The participants were tasked with addressing tough questions. What will happen to its citizens if Solomon Islands sink in the seas in next 20 years? Who will pay for their migration?
A more immediate scenario was posed by Hafijul Islam Khan of the Bangladesh Environmental Lawyers Association. Exceptional storms in the Bay of Bengal lead to regular loss of life and livelihoods amongst local fishing communities. Scientists in Bangladesh have demonstrated how the rising sea temperature that provokes low pressure weather systems is caused by global warming.
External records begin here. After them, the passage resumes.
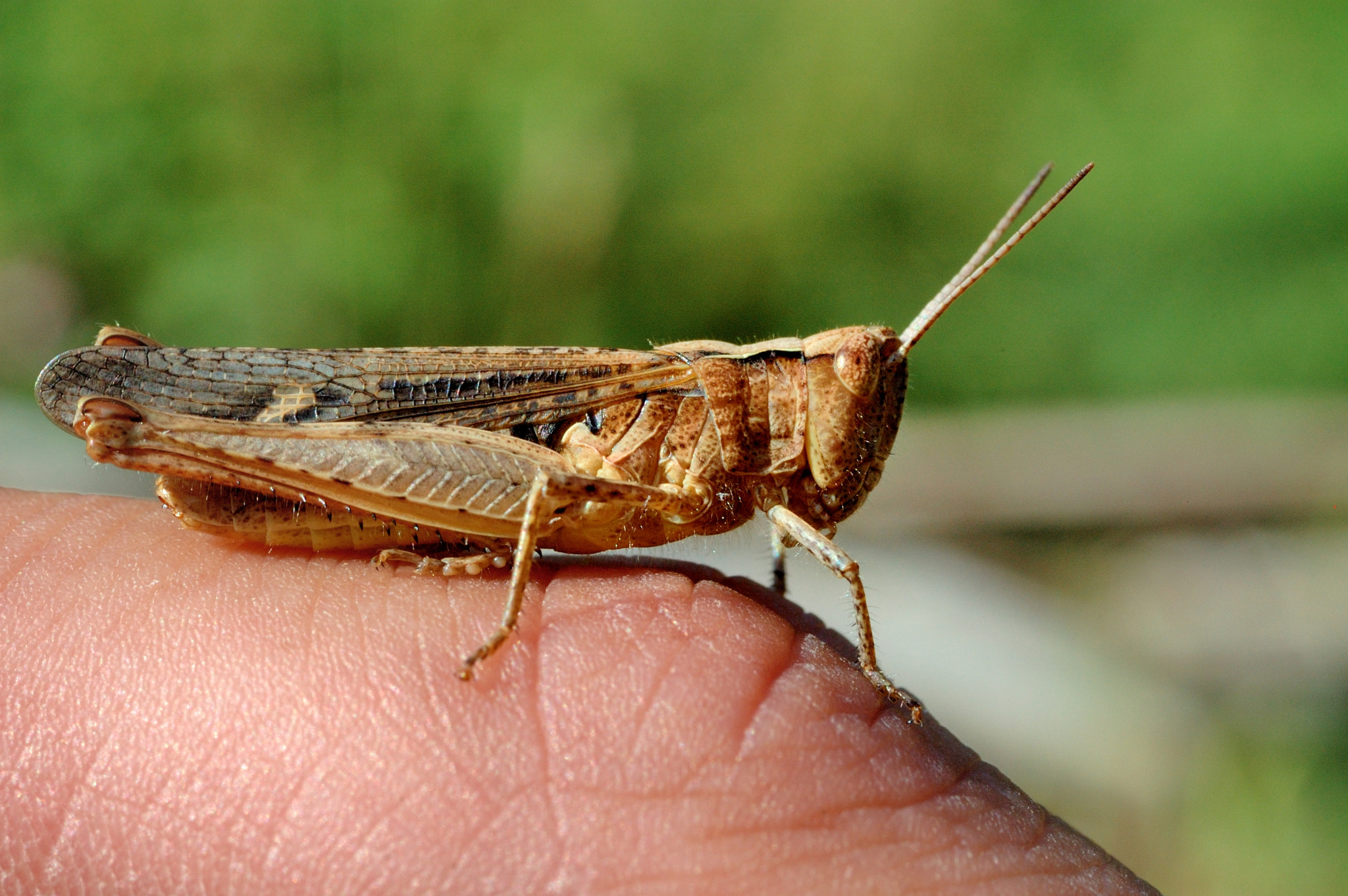 Nikon D70 + Sigma 50mm F2.8 EX DG Macro sample photo. Grasshopper on finger photography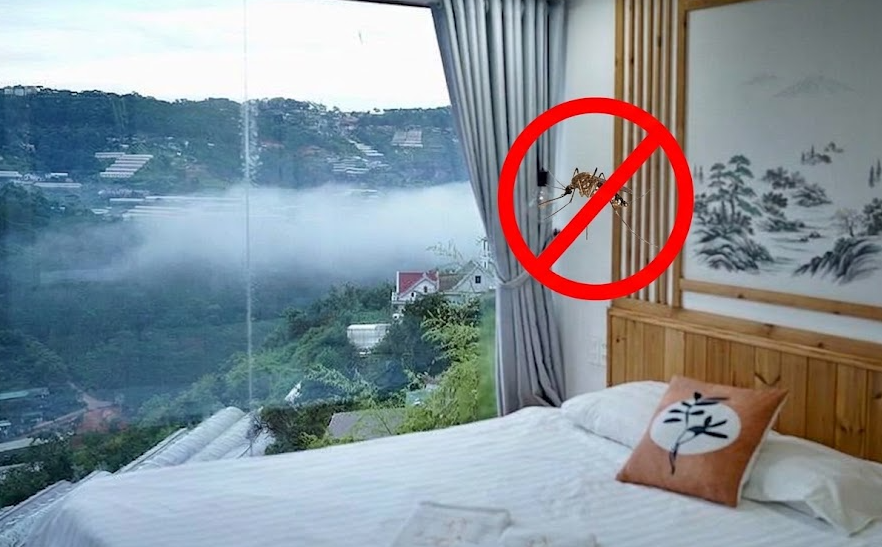 Phun Muỗi Cho Farmstay Đà Lạt – Hạn Chế Muỗi Làm Ảnh Hưởng Trải Nghiệm Của Khách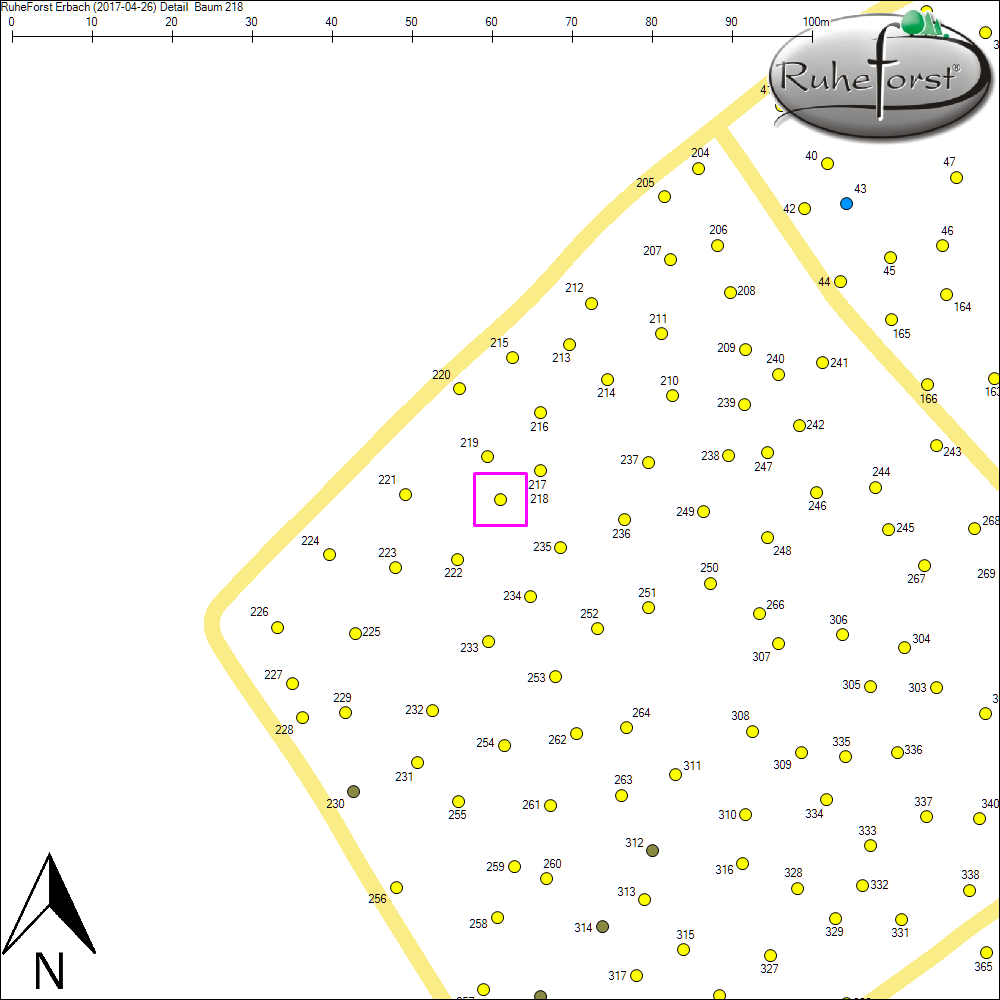 Detailkarte zu Baum 218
Groups acting on behalf of the fishing communities have called on the Bangladesh government to initiate proceedings through established channels of international law. The conference debated what these channels might be and which countries might be deemed liable for damages.
The catalyst for the Delhi event is to be found in the small print of the outcome of last December’s UN climate conference. One clause in the Cancun agreements refers to the “loss and damage associated with the adverse effects of climate change, including impacts related to extreme weather events.”
This is an unprecedented acknowledgment by international negotiators of a causal relationship between climate-related losses and global warming. The Delhi participants were eager that this momentum should be sustained at the next major UN climate conference in Durban later this year.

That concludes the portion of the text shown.